## Data excerpt
================================

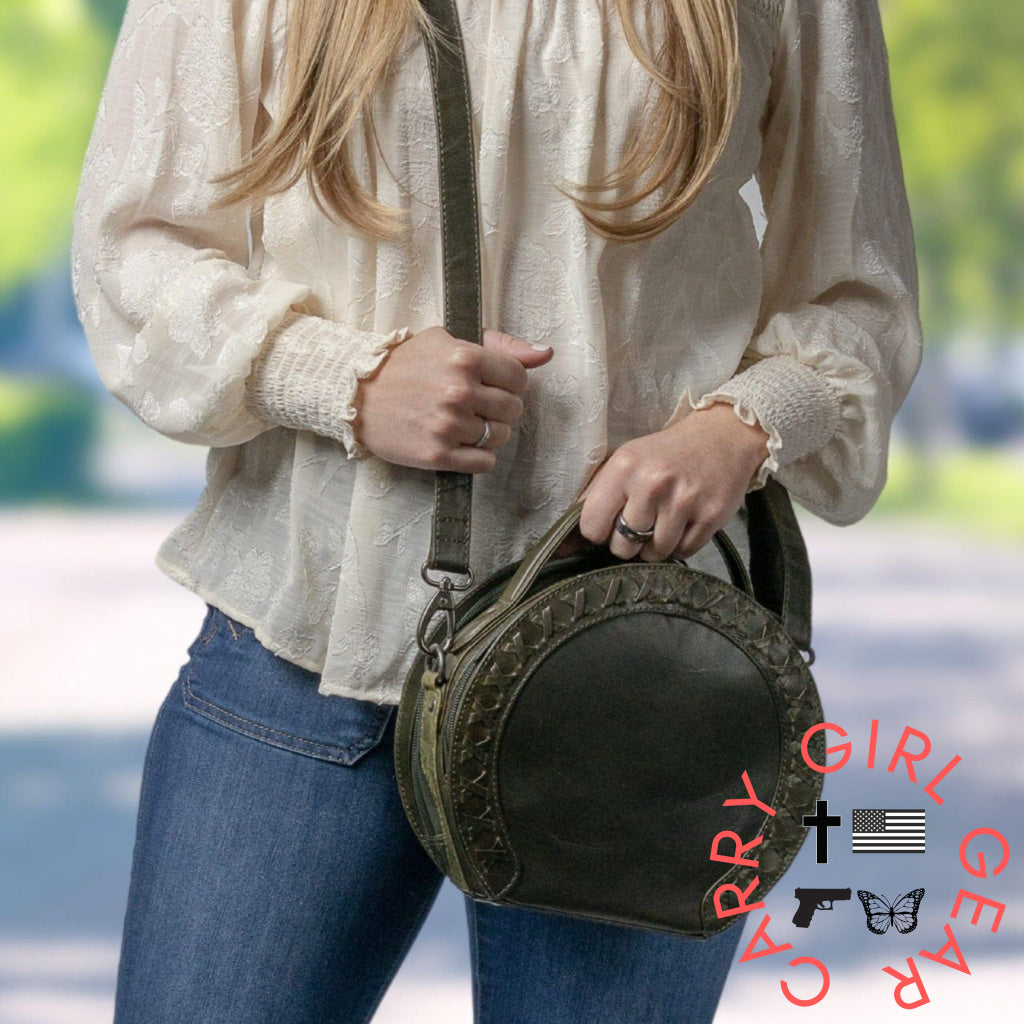 Concealed Carry Oaklee Crossbody Organizer By Lady Conceal Bags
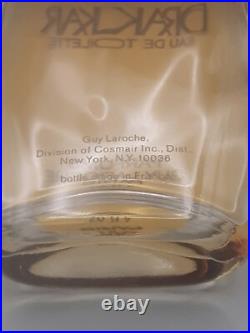 Vintage Ultra Rare Drakkar Guy Laroche Perfume Edt Bottle Men Homme 70 80s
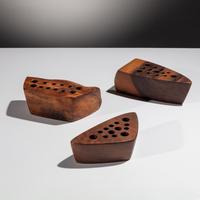 George Nakashima (American, 1905–1990) — Group of 3 Pencil Holders, 1984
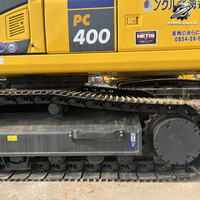 Excavatrice sur chenilles Komatsu PC400, 40 tonnes, grande pelle hydraulique lourde, moteur SAA6D125E5, d'occasion, japonaise, pour l'exploitation minière et les carrières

================================

## Assigned task
Would you please copy the material exactly, leaving all the pictures out?

## Task response
 Concealed Carry Oaklee Crossbody Organizer By Lady Conceal Bags
 Vintage Ultra Rare Drakkar Guy Laroche Perfume Edt Bottle Men Homme 70 80s
 George Nakashima (American, 1905–1990) — Group of 3 Pencil Holders, 1984
 Excavatrice sur chenilles Komatsu PC400, 40 tonnes, grande pelle hydraulique lourde, moteur SAA6D125E5, d'occasion, japonaise, pour l'exploitation minière et les carrières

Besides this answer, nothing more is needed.